Neurodegenerative disorders such as Alzheimer disease (AD), frontotemporal dementia (FTD), amyotrophic lateral sclerosis (ALS), Parkinson disease (PD), Huntington's disease (HD), and multiple sclerosis (MS) affect different neuronal cells, and have a variable age of onset, clinical symptoms, and pathological features. Despite the great progress in understanding the etiology of these disorders, the underlying mechanisms remain largely unclear. Among the processes affected in neurodegenerative diseases, alteration in RNA metabolism is emerging as a crucial player. RNA-binding proteins (RBPs) are involved at all stages of RNA metabolism and display a broad range of functions, including modulation of mRNA transcription, splicing, editing, export, stability, translation and localization and miRNA biogenesis, thus enormously impacting regulation of gene expression.
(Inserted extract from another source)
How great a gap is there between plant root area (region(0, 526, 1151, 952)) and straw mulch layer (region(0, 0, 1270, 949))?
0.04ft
On the other hand, aberrant regulation of RBP expression or activity can contribute to disease onset and progression. Recent reports identified mutations causative of neurological disorders in the genes encoding a family of RBPs named FET (FUS/TLS, EWS and TAF15). This review summarizes recent works documenting the involvement of FET proteins in the pathology of ALS, FTLD, essential tremor (ET) and other neurodegenerative diseases. Moreover, clinical implications of recent advances in FET research are critically discussed.